Désapprouver publiquement les attentats, les AKB l’ont fait, la CNSK aussi, le HDP aussi et même le PKK dont un des responsables tient par exemple ces propos très clairs (et officiels) sur les TAK et leurs actes :

la Turquie dit que les TAK sont la même chose que le PKK. Mais le PKK a une idéologie, une philosophie, un but, un système qu’il veut réaliser et les TAK n’ont aucune ressemblance avec tout cela. Nous avons critiqué les TAK dans nos déclarations. L’État utilise les TAK pour essayer de montrer le PKK comme une organisation terroriste et il est clair qu’il est derrière eux.

Les manipulations du pouvoir

Que sait-on des TAK ? Quasiment rien. Par qui sont-ils manipulés ou dirigés ? On peut faire plusieurs hypothèses, tant certains sont habiles pour commettre des coups tordus. Erdoğan est un maître en la matière. Force est de constater que les attentats commis par les TAK arrivent systématiquement au plus mauvais moment possible pour le HDP et le PKK et à point nommé pour permettre au pouvoir turc de reprendre politiquement et médiatiquement la main, en réprimant les Kurdes et les démocrates dans des proportions démentielles, l’Occident restant peureusement silencieux.

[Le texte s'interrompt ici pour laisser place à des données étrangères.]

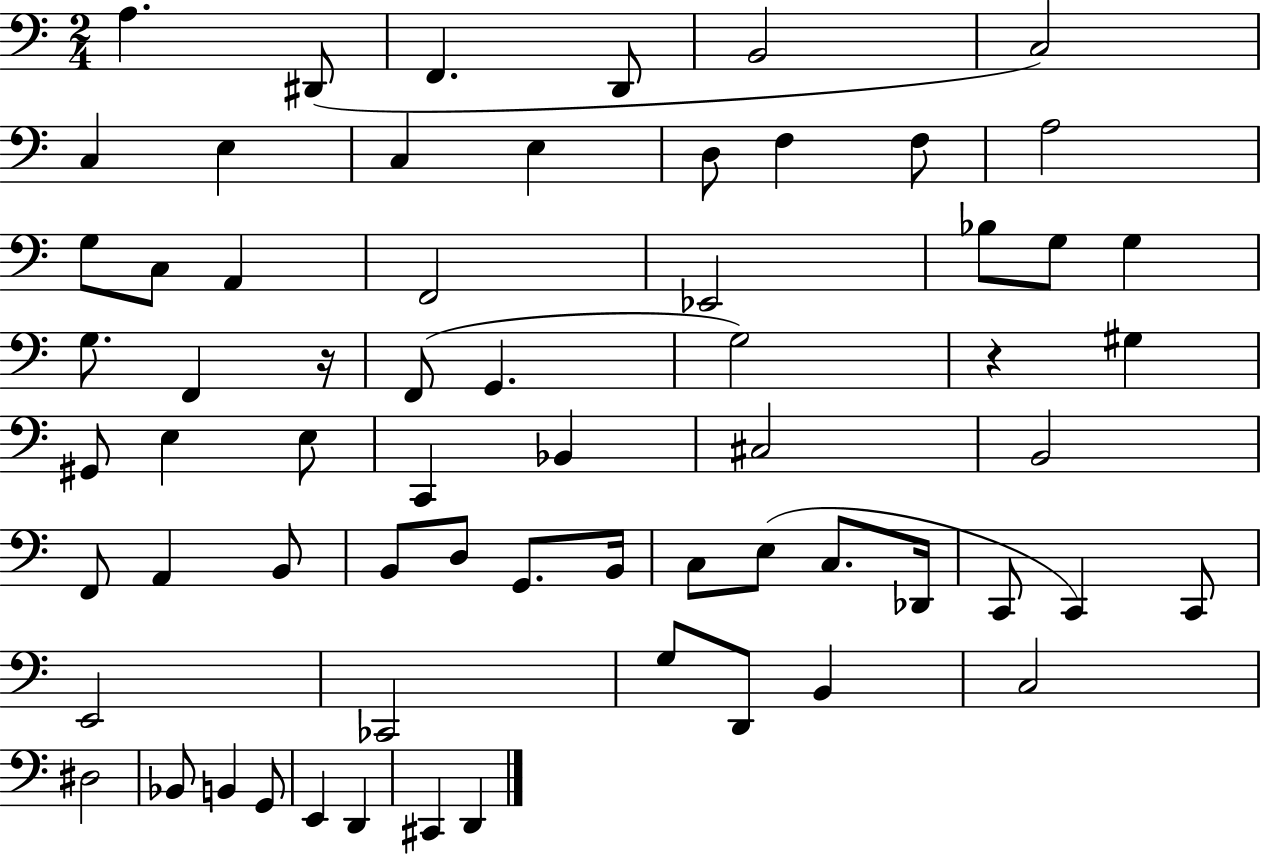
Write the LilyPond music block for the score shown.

Un autre exemple : l’assassinat de Rojbîn et ses deux amies. Plusieurs pistes ont été évoquées au début de l’enquête : un différend personnel, un règlement de comptes interne au sein du PKK ou un crime commis par les Loups gris (milice du MHP). Toutes ont été abandonnées parce que Güney a été pris la main dans le sac et identifié comme appartenant au MIT (services secrets turcs), sinon parions que la presse officielle et vous-même, cher docteur, laisseraient planer encore aujourd’hui le doute sur les auteurs et donneraient du crédit à l’affirmation d’Erdoğan, l’attribuant à un règlement de compte interne au PKK.

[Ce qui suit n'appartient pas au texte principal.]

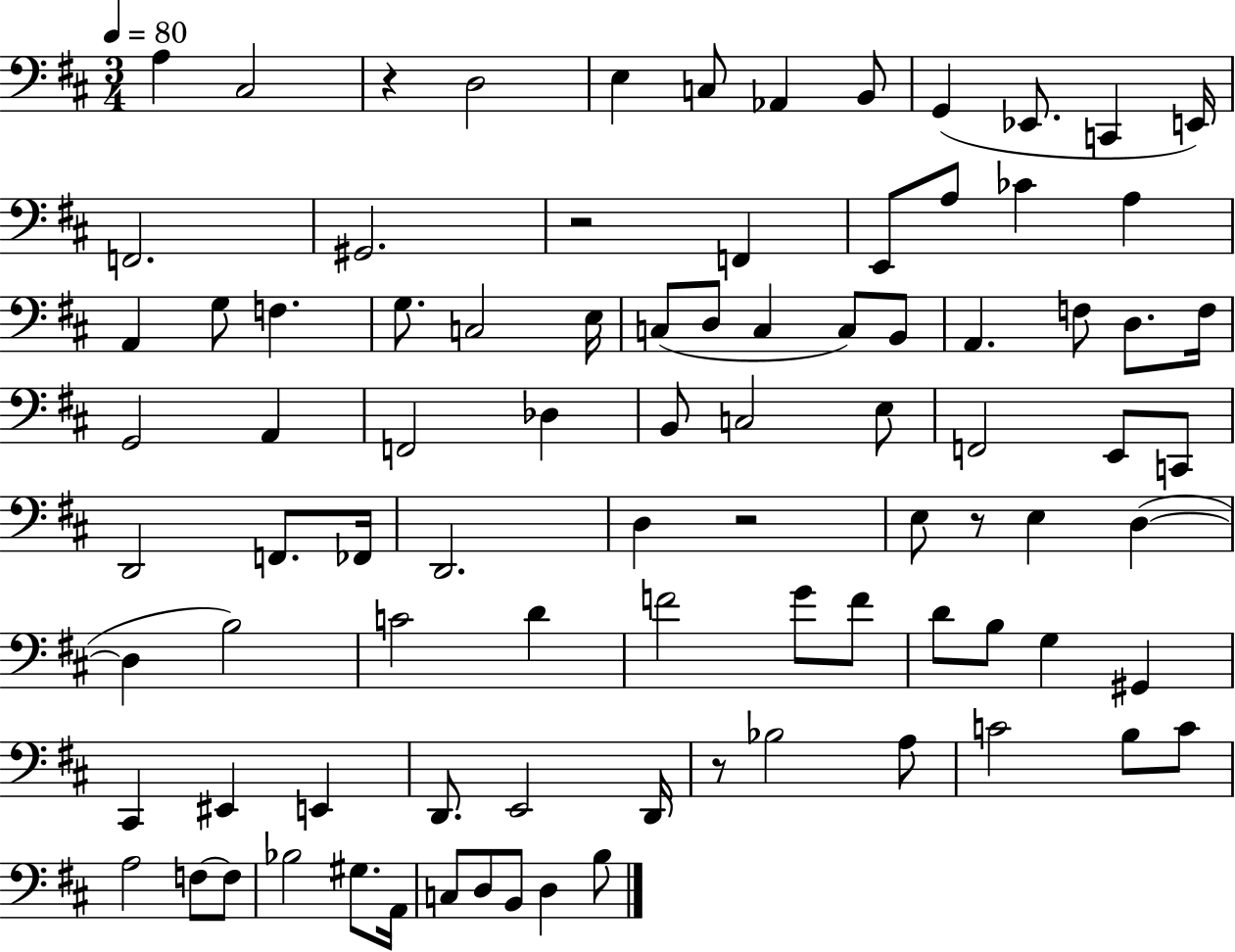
X:1
T:Untitled
M:3/4
L:1/4
K:D
A, ^C,2 z D,2 E, C,/2 _A,, B,,/2 G,, _E,,/2 C,, E,,/4 F,,2 ^G,,2 z2 F,, E,,/2 A,/2 _C A, A,, G,/2 F, G,/2 C,2 E,/4 C,/2 D,/2 C, C,/2 B,,/2 A,, F,/2 D,/2 F,/4 G,,2 A,, F,,2 _D, B,,/2 C,2 E,/2 F,,2 E,,/2 C,,/2 D,,2 F,,/2 _F,,/4 D,,2 D, z2 E,/2 z/2 E, D, D, B,2 C2 D F2 G/2 F/2 D/2 B,/2 G, ^G,, ^C,, ^E,, E,, D,,/2 E,,2 D,,/4 z/2 _B,2 A,/2 C2 B,/2 C/2 A,2 F,/2 F,/2 _B,2 ^G,/2 A,,/4 C,/2 D,/2 B,,/2 D, B,/2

Mais, ôtez-nous d’un doute, cher docteur : avez-vous au juste dénoncé ce triple crime exécuté à l’instigation du MIT ?

Avez-vous signé la pétition en faveur de Maxime Azadi ?

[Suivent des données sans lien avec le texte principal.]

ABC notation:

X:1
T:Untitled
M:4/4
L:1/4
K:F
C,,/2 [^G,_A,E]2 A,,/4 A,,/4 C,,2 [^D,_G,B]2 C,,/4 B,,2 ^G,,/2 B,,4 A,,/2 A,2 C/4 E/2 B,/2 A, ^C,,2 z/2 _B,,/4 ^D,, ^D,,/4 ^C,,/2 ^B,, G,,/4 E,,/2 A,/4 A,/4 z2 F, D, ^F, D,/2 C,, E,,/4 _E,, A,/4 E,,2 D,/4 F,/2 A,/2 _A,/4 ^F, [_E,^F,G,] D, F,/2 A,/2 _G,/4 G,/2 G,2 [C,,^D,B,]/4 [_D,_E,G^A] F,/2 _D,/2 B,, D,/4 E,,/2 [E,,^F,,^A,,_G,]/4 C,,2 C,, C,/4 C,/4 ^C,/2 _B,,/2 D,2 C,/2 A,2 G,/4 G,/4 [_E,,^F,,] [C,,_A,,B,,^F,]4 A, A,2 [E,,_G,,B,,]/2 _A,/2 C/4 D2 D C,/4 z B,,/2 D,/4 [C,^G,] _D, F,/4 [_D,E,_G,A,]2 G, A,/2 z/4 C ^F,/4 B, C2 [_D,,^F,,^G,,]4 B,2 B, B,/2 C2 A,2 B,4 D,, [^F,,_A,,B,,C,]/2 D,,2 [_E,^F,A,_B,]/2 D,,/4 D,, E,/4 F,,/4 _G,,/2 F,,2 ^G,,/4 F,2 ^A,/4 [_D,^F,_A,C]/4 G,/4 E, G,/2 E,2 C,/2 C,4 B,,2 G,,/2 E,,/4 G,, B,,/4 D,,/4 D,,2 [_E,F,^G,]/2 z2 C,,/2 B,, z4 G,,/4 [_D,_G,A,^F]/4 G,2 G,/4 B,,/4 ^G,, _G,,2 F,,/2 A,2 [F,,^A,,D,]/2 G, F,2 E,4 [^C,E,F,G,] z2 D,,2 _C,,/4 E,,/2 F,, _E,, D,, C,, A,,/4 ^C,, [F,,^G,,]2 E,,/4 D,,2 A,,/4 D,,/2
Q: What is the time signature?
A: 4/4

Paraphrasant le pasteur Martin Niemöller, stigmatisant la lâcheté devant la montée du nazisme, notre bon docteur, s’il avait la mauvaise idée de retourner en Turquie, risquerait fort d’écrire un jour, du fond de sa prison,

Quand ils sont venus chercher les militants kurdes, je n’ai rien dit, je n’étais pas kurde.
Quand ils sont venus chercher les gülénistes, je n’ai pas protesté, je n’étais pas güléniste.
Quand ils sont venus chercher les journalistes, je n’ai rien dit, je n’étais pas journaliste.
Quand ils sont venus chercher les avocats, je n’ai pas protesté, je n’étais pas avocat.
Puis ils sont venus me chercher et il ne restait plus personne pour protester.